Salvini liegt im Feindbild Seenotrettung nicht gänzlich falsch: Seenotrettung situiert sich an einer der delikatesten Stellen der gegenwärtigen politischen Lage. Es gilt also ihre eigentliche politische Bedeutung auszuarbeiten.

Politisch wäre Seenotrettung primär als Abwehrkampf zu begreifen, als Antwort auf die schlimmsten Folgen des kapitalistisch-staatlichen Normalzustandes und deren Zuspitzung im Rahmen von Rechtsruck und neofaschistischem Aufbegehren. Als humanistisches Handeln ziviler Kräfte führt es eine Kritik des tödlichen und unmenschlichen Charakters des durch Recht und Gesetz eingehegten Normalzustands mit sich.
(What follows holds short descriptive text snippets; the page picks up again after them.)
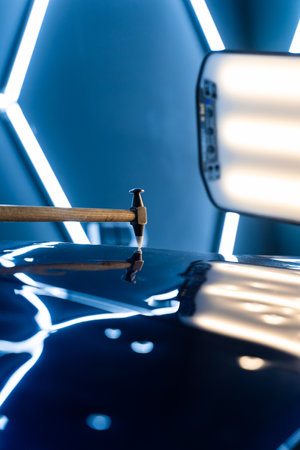Controlled taps with a knockdown tool reshape metal warped by hail. PDR technician uses a knockdown tool and hammer combo to correct hail dents. Focused strikes realign metal without harming paintの写真素材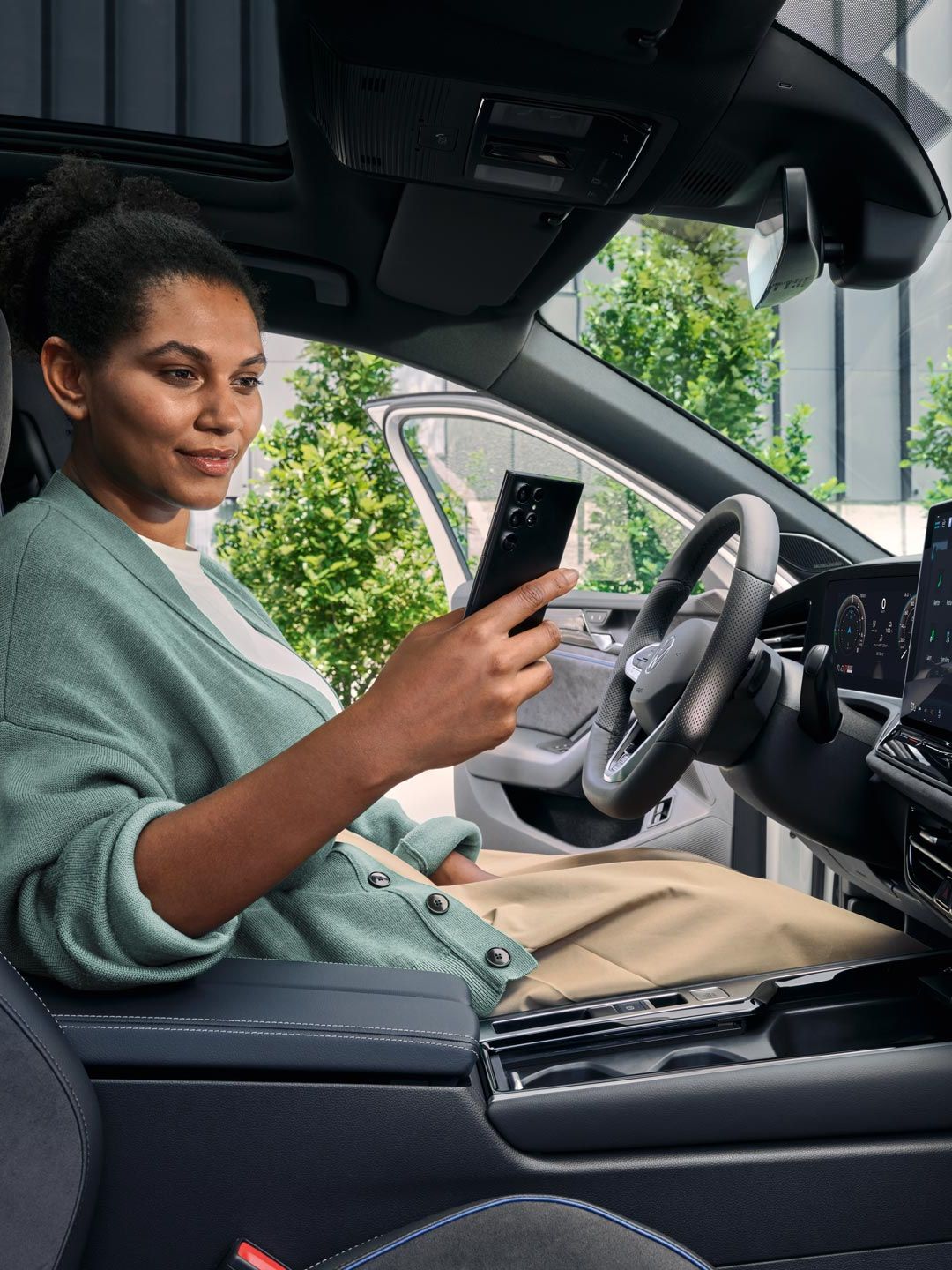 Uma mulher sentada no banco do condutor de um VW Passat estacionado, com a porta aberta, a olhar para o seu smartphone.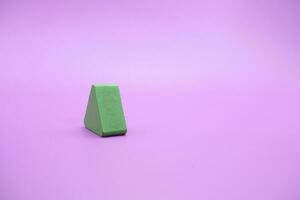 verde di legno forma giocattolo. triangolo su viola sfondo foto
Seenotrettung kann aber auch als subversiver Akt begriffen werden, als praktische Herausforderung des europäischen Grenzregimes. Sie eröffnet einen Raum für das eigentliche Subjekt der Anfechtung des Grenzregimes: Migrant*innen in ihrer eigensinnigen Bewegung, die selbst Reaktion auf die repressiven Bewältigungsversuche der Vielfachkrise der kapitalistischen Ordnung ist. Betrachtet man den kapitalistischen Staat und seine Grenzen in Anschluss an Gilles Deleuze und Félix Guattari als „Kriegsmaschine“, die sich gegen subversive Bewegungen richtet, ist Seenotrettung als Moment der Sabotage dieser Maschine zu verstehen. Darin ist die Praxis der Seenotrettung auch nicht fern von dem, was man in Anlehnung an Guy Debord „Schaffung von Situationen“ nennen könnte: Seenotrettung eröffnet in der Mitte eines festgefahrenen Gefüges einen Raum, in dem sich Neues präsentieren kann, das zum Subjekt von veränderndem, den Status Quo in Frage stellenden Handeln wird.